** Input for this task **
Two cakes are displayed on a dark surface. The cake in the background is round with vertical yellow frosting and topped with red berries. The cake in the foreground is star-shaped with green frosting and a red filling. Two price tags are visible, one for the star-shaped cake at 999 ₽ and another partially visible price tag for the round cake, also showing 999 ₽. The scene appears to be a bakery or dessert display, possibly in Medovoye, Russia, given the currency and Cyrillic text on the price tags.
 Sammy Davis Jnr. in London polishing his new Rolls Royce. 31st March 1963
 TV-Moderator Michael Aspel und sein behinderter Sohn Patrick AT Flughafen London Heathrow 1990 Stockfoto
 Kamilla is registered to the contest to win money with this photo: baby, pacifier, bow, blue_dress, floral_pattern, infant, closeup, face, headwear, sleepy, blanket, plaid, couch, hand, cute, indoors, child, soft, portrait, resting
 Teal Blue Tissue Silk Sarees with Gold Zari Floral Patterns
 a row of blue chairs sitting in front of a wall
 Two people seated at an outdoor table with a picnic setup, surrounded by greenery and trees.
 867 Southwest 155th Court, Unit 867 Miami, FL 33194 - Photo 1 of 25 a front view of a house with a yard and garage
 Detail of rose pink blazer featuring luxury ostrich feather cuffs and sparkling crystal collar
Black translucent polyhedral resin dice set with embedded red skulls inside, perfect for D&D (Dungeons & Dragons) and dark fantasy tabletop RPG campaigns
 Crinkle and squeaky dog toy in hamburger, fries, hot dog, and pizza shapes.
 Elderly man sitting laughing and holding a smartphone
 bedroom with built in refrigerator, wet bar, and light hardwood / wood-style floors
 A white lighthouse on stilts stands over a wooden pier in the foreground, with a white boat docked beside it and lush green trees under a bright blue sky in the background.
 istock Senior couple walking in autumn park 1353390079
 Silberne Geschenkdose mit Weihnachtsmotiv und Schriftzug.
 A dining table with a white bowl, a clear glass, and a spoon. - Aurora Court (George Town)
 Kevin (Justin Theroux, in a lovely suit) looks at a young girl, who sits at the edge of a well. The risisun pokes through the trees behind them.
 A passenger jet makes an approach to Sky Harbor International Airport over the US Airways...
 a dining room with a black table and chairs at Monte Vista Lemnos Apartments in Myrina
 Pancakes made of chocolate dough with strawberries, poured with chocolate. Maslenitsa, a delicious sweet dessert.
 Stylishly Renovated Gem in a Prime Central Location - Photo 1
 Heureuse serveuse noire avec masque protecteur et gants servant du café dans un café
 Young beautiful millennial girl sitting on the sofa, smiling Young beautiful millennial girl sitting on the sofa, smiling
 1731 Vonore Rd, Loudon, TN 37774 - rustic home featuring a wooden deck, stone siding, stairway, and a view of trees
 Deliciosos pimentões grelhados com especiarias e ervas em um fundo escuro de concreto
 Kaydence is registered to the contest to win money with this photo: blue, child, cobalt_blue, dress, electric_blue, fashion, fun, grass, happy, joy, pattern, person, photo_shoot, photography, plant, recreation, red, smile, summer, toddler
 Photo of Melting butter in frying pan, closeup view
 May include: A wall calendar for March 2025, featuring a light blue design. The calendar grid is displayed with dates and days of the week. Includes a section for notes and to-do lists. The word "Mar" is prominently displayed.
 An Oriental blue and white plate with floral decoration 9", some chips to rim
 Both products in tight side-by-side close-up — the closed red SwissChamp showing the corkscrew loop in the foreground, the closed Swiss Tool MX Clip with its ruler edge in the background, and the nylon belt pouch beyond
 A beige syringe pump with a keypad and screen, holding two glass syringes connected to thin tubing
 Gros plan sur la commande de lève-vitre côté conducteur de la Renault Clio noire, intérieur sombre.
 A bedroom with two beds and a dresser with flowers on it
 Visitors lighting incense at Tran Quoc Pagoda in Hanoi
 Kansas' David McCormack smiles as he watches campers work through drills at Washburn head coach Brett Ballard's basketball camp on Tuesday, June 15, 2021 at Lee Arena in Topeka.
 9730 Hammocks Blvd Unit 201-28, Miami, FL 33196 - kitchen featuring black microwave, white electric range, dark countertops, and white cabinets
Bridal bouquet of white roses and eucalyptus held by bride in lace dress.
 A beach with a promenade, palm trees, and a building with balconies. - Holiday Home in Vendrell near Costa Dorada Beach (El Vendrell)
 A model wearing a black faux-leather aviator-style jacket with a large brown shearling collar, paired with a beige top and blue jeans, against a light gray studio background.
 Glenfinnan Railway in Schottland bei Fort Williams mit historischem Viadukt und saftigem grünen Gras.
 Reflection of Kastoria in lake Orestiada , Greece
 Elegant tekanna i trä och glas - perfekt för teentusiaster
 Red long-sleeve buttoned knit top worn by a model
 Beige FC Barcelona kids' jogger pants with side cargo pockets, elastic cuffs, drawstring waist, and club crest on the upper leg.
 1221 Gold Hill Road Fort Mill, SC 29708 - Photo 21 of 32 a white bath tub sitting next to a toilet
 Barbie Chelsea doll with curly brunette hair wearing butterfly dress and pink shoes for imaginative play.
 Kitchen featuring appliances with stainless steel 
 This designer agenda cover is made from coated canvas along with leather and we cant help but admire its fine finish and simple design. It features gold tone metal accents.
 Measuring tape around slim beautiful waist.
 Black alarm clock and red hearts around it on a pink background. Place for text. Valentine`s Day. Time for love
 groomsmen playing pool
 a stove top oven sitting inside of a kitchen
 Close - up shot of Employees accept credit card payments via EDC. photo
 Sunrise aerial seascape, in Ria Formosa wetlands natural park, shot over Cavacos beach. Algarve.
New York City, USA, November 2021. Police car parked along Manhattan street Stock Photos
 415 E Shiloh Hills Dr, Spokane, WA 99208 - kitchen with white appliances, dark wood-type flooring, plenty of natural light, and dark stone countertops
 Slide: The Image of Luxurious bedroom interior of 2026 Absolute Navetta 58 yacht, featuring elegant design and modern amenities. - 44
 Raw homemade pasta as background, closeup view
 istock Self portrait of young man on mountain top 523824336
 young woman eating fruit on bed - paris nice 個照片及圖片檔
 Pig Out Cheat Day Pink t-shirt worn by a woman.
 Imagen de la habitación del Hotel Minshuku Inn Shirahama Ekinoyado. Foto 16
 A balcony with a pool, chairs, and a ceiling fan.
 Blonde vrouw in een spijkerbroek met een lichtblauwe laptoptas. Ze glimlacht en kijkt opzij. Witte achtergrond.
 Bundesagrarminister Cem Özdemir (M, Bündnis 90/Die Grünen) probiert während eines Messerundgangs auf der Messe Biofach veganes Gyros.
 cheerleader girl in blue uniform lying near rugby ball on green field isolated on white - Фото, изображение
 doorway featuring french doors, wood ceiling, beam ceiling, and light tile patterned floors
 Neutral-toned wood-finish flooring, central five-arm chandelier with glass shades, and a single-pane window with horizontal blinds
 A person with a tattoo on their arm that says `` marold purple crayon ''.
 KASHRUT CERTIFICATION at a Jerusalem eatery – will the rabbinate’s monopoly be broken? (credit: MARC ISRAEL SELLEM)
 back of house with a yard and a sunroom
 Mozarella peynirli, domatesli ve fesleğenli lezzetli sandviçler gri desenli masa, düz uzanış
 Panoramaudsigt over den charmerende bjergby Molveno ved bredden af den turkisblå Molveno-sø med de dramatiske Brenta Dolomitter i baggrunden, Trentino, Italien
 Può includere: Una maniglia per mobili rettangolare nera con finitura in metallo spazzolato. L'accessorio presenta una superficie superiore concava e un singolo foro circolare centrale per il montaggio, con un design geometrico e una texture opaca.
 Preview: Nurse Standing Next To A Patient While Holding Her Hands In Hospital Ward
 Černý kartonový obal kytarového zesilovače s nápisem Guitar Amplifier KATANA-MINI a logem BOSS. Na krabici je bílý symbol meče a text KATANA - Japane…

** Prompt **
Gather all lines of the records that include the word "white".

** Solution to this exercise **
 A white lighthouse on stilts stands over a wooden pier in the foreground, with a white boat docked beside it and lush green trees under a bright blue sky in the background.
 A dining table with a white bowl, a clear glass, and a spoon. - Aurora Court (George Town)
 An Oriental blue and white plate with floral decoration 9", some chips to rim
 9730 Hammocks Blvd Unit 201-28, Miami, FL 33196 - kitchen featuring black microwave, white electric range, dark countertops, and white cabinets
Bridal bouquet of white roses and eucalyptus held by bride in lace dress.
 1221 Gold Hill Road Fort Mill, SC 29708 - Photo 21 of 32 a white bath tub sitting next to a toilet
 415 E Shiloh Hills Dr, Spokane, WA 99208 - kitchen with white appliances, dark wood-type flooring, plenty of natural light, and dark stone countertops
 cheerleader girl in blue uniform lying near rugby ball on green field isolated on white - Фото, изображение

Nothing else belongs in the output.